WASHINGTON, March 22, 2012 — The World Bank today approved a US$75 million concessional credit for the Bangladesh Rural Water Supply and Sanitation Project (BRWSSP) to increase access to safe water and hygienic sanitation in the rural areas of Bangladesh. The project will support safe water supply coverage through the construction of piped and non-piped water supply schemes in communities affected by arsenic or saline intrusion in 20 districts. The project will also expand hygienic sanitation.
Seventy-two percent of the Bangladeshi population lives in rural areas and does not have uniform access to safe water. Contamination with arsenic and other pollutants significantly reduces safe water coverage in rural areas. The project will support the Government of Bangladesh in scaling up piped and non-piped water facilities in rural areas to provide clean water to around 1.6 million people.

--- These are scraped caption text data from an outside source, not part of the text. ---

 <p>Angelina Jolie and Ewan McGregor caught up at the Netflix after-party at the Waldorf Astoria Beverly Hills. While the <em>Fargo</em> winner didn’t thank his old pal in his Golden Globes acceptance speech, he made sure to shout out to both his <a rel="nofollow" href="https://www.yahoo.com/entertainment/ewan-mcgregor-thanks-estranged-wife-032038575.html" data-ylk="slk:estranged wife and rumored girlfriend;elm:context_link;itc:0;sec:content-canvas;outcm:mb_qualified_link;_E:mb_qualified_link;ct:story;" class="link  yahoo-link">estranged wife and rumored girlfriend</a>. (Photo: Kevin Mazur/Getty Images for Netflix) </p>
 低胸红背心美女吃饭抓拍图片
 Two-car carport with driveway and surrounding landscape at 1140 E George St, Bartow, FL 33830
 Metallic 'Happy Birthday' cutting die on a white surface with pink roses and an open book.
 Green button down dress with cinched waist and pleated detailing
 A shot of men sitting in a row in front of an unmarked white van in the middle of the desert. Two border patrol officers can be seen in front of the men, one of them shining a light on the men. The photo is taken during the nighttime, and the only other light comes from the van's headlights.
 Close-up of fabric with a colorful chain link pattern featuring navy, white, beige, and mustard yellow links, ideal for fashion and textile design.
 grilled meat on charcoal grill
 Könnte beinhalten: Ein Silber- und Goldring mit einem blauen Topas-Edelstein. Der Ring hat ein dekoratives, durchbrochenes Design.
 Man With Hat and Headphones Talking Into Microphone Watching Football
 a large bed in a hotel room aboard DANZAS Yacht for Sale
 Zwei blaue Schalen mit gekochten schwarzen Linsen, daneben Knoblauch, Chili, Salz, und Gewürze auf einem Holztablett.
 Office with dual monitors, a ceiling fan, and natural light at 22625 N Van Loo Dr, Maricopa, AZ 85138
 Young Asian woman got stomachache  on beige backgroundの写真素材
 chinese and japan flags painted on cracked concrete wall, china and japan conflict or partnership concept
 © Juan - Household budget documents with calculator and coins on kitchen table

“Arsenic contamination is a major threat to safe water provision in Bangladesh, and the project focuses on arsenic hot spots,” said Ellen Goldstein, Country Director, World Bank Bangladesh. “A previous World Bank-financed project tested an innovative partnership between local governments and private providers to deliver piped water to rural communities, with positive results. We are now scaling up this model, with community engagement to select sites, oversee works, and ensure operations and maintenance.”
Rural piped water schemes would be implemented with private sponsors, communities and local government using this innovative Public-Private Partnership model. Around 125 schemes would cover single or multiple villages, providing 600-1200 household connections each. The project would also construct non-piped water supply schemes in highly arsenic-affected villages where piped water supply is not viable.
The project will also support sustainable sanitation services for the population, providing hygienic latrines and undertaking social mobilization and awareness-raising activities to promote hygiene and safe sanitation practices.
“The project will be implemented at the union level, covering an estimated 383 unions in about 20 districts identified as high priority on the basis of arsenic contamination and water supply coverage” said Arif Ahamed, Task Team Leader, BRWSSP, World Bank. “The project’s interventions will reduce the occurrence of waterborne diseases, leading to better health among the beneficiary population, including vulnerable infants, pregnant women and the elderly ”
The credit from the International Development Association (IDA), the World Bank’s concessional arm, has 40 years to maturity with a 10-year grace period; it carries a service charge of 0.75 percent.